### Collected data
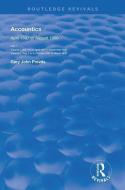 Accountics, Part I di Gary John Previts edito da Taylor & Francis Ltd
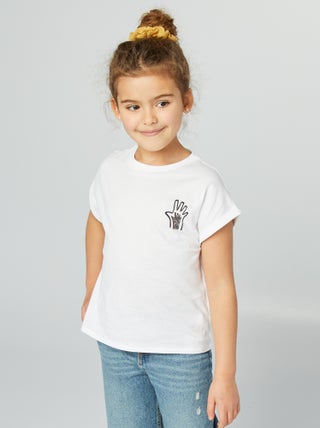 T-shirt stampata 'Festa del papà'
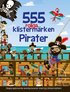 555 roliga klistermärken - pirater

### Exercise details
Please write the material out again exactly as shown above, minus any pictures.

### Solution to the problem
 Accountics, Part I di Gary John Previts edito da Taylor & Francis Ltd
 T-shirt stampata 'Festa del papà'
 555 roliga klistermärken - pirater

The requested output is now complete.